The report was released at PRI’s Dhaka office on Thursday, in an event chaired by PRI Executive Director Dr Khurshid Alam. Mohammad Akhtar Hossain, Chief Economist of Bangladesh Bank, attended as chief guest, alongside economists, business leaders, and private sector representatives.
“High inflation, currently around 9 per cent, is the major challenge,” Hossain said. “Efforts are underway to bring it down to 3 per cent swiftly. Once achieved, long-term monetary measures will maintain inflation around 4 per cent, reducing deposit and lending rates and supporting business and investment.”
Dr Ashikur Rahman, Principal Economist at PRI, highlighted the slowdown in investment. “Capital machinery imports have fallen 20–25 per cent, construction sector growth is weakening, and industrial production remains sluggish. The RMG and mining sectors underperformed, and electricity generation in July fell 1 per cent year-on-year.”
The government is responding to energy constraints by increasing LNG imports by 43 per cent and electricity imports by 13 per cent in June to meet rising demand. Meanwhile, headline inflation rose slightly to 8.55 per cent in July due to food prices, though the broader trend shows moderation; the 12-month average remains elevated at 9.77 per cent.
The external sector showed a turnaround last fiscal year, posting a $3.4 billion balance of payments surplus after three years of deficits, aided by record remittances and strong exports. Foreign reserves reached $25 billion, covering 4.5 months of imports. The Bangladesh Bank is also reforming the financial sector, merging weak banks and liquidating nine non-bank financial institutions.

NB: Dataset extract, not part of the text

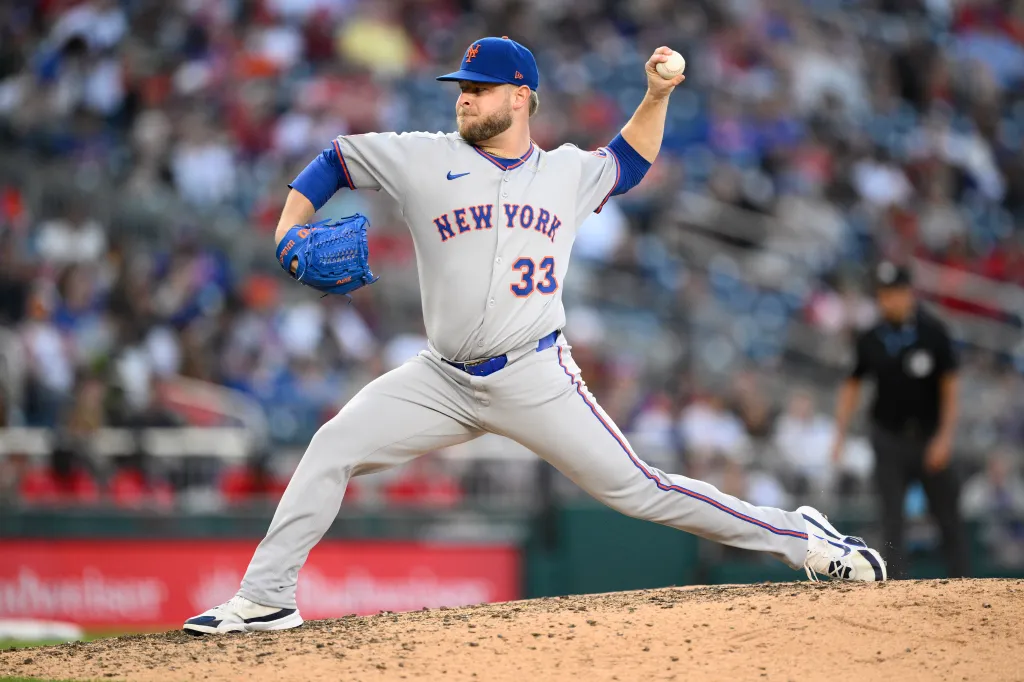 José Ureña Joins Mets' Major League Roster Amid A.J. Minter Injury and Bullpen Reshuffle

Business leaders expressed concern over political uncertainty, rising business costs, and high interest rates. “Retail shops are closing, small enterprises in rural areas are shutting down, and major companies are reporting 35–40 per cent lower profits,” said Anwar-Ul-Alam Chowdhury, President of the Bangladesh Chamber of Industries.
Dr Nasiruddin Ahmed, former NBR chairman, criticized current audit practices and called for targeted computerized random audits, separating policy formulation from implementation. Habibullah N Karim, Senior Vice President of MCCI, warned that extreme poverty and unemployment indicate jobless growth, urging policy-driven incentives for ICT, agro-processing, and RMG sectors.
Dr Ahmad Ahsan, Director of PRI, stressed the need for political stability to reduce uncertainty and revive investment, employment, and overall economic growth, citing missed opportunities to transform Bangladesh into a global manufacturing hub like Vietnam.